Affiliate seven presented principles and guidelines for the measurement of both lessons and student processes and outcomes. Teachers tin utilize a large array of assessments for assessing student progress toward both content and language objectives. Well-nigh important for the assessment of diverse learners is to focus on students' ways of knowing, providing them with opportunities to express their understandings and how they came to those understandings. In plow, teachers can employ this information to design constructive lessons.


Extensions

For Reflection

  1. Reviewing tests. Discover examples of standardized tests that your current or future students may have. Think about how you might help ELLs and other diverse students be successful on these tests.
  2. Use your personal feel. Think about your teacher educational activity classes. Did y'all take an opportunity to show what you knew? Did yous ever feel that y'all were evaluated unfairly? Why? What can you lot employ from this experience to your own teaching?

For Activity

  1. Justify your grading. Write a letter to your chief explaining why you are including a grade report for each student that has separate grades for language and content and what these grades mean.
  2. Meet the guidelines. Choose an assessment blazon (for example, oral retelling or a portfolio) from a lesson or book. Describe how this cess contributes to a lesson meeting the general guidelines for assessment listed in Figure 7.1.

References

Bowen, R., (2017). Understanding by design. Vanderbilt University Center for Teaching. Available from https://cft.vanderbilt.edu/agreement-by-design/.

Chao, C. (2007). Theory and inquiry: New emphases of assessment. In J. Egbert & E. Hanson-Smith (Eds).

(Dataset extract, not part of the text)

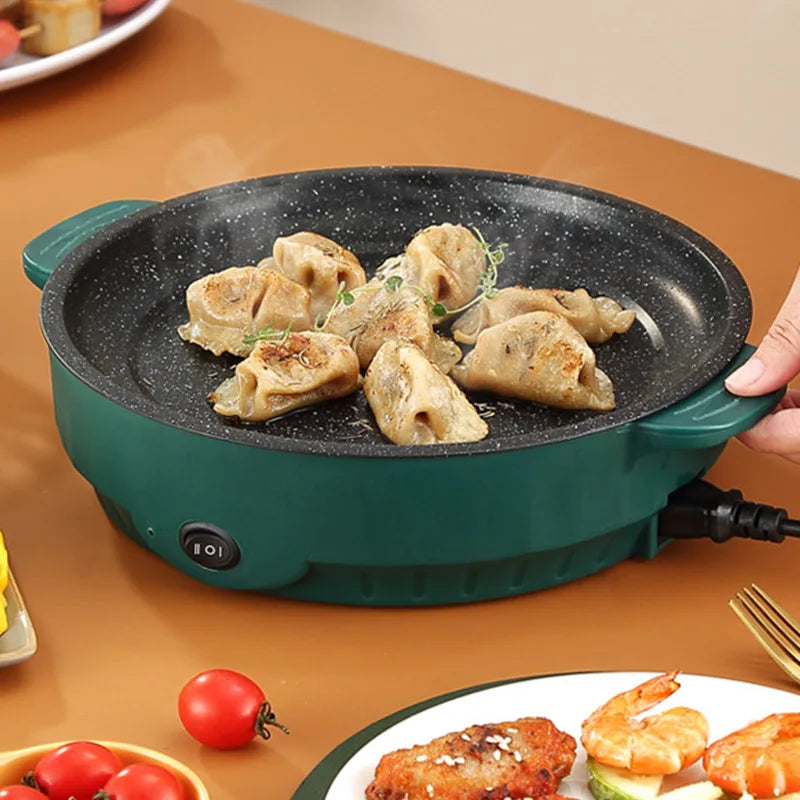 Electric MultiCooker Non-Stick Frying Pan – Electric Grill for Steak, Fish & Omelette
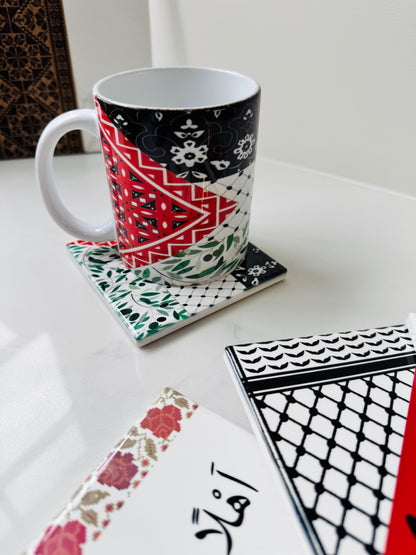 Palestine Coasters Set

Telephone call environments: Research, practice, and critical bug (pp. 240–277). Alexandria, VA: TESOL, Inc.

Chapman, C., & Male monarch, R. (2005). Differentiated cess strategies: 1 tool doesn't fit all. 1000 Oaks. CA: Corwin Press.

Echevarria, J., Vogt, Yard., & Short, D. (2016). Making content comprehensible for English learners (fifth ed.). Boston, MA: Pearson/Allyn & Bacon.

Egbert, J., & Salsbury, T. (2009). Out of complacency and into action: An exploration of professional evolution experiences in school/abode literacy engagement. Teaching Teaching., twenty (4), 375–393

Epstein, J., Sanders, M., Simon, B., Salinas, K., Jansorn, Due north., & Van Voorhis, F. (2002). Schoolhouse, family, and community partnerships: Your handbook for action (second ed.). K Oaks, CA: Corwin Printing.

Epstein, J., Simon, B., & Salinas, Thousand. (1997). Involving parents in homework in the middle grades. Phi Delta Kappa Research Bulletin, 18.

Epstein, J., & Van Voorhis, F. (2001). More than minutes: Teachers' roles in designing homework. Educational Psychologist, 36, 181–194.

Van Voorhis, F. (2001). Interactive science homework: An experiment in dwelling and school connections. NASSP Message, 85, 20–32.